As much as Dandley is looking forward to his conversation with Bell Atlantic, Bell
Atlantic is looking forward to its conversation with him and others like him.

"Frankly, I’m looking to sign several more of these agreements in the next several
months," Karoczkai says. "We’re already in discussion with several large
resellers and CLECs (competitive local exchange carriers) about this agreement, and
looking forward to having a meaningful, constructive dialog with them about it."

Karoczkai declines to say to which resellers or CLECs Bell Atlantic is talking.

There are those who believe that local resale, dying or not, deserves death. They say
that to put the future of your business in someone else’s network is unwise. And to do so,
they say, not only is unwise, but also borders on making a pact with the forces of
darkness. The ILECs will do anything they can, these critics say, to keep customers on
their network and prevent competitors from building their own competitive facilities.

"There are two kinds of new telecom companies," Dandley says. "There are
technology-oriented, engineer companies that want to hold, hug and love a switch. And
there are distribution companies, which is what we are, that are focused on the best
solution for the customer."

BellSouth Corp., Atlanta, pleaded guilty to wanting to keep customers on its network
when it announced its unbundled network element platform (UNE-P) earlier this year. The
general idea is this: A telecommunications company can have the use of BellSouth’s entire
network–with discounts of about 40 percent for three, five or seven years–provided it
commits to putting 70 percent, 80 percent or 90 percent of its circuits on that network
during that time. The standard offer includes access to the network’s vertical services,
normally available to resellers ` la carte or not at all.

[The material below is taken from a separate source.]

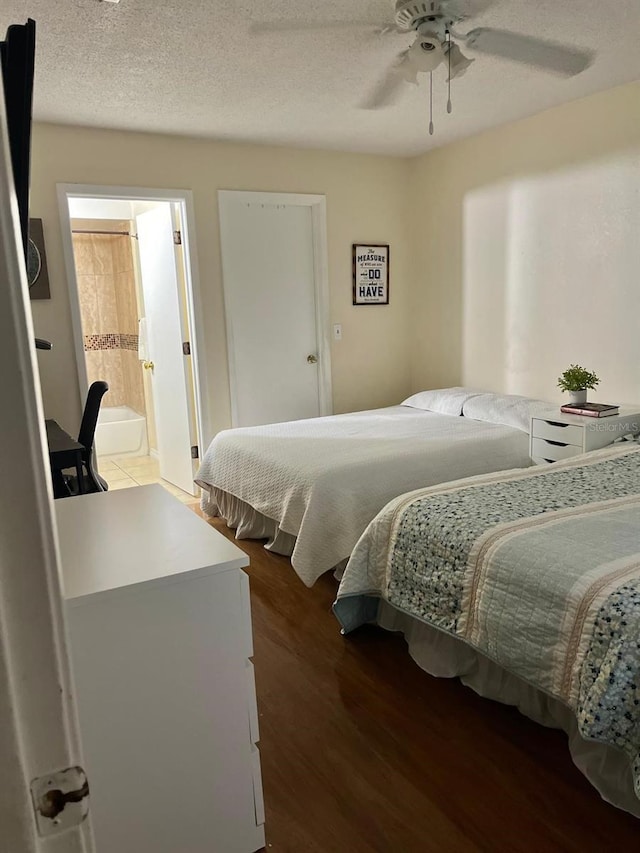 bedroom featuring a textured ceiling, dark hardwood / wood-style floors, ceiling fan, and ensuite bathroom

Karoczkai says Bell Atlantic certainly wants to keep customers on its network, but he
denies that his "y’all come" invitation to resellers to renegotiate their
contracts in the wake of the UniDial deal is intended to discourage competitors from
building their own networks. "Our goal is not to convince facilities-based providers
to stop building their facilities," he says. "Our goal is to [say that] we have
a growing resale population that came to us with the request of building a long-term
relationship based on volume commitments."

Ken Branson is business and finance editor for PHONE+ magazine.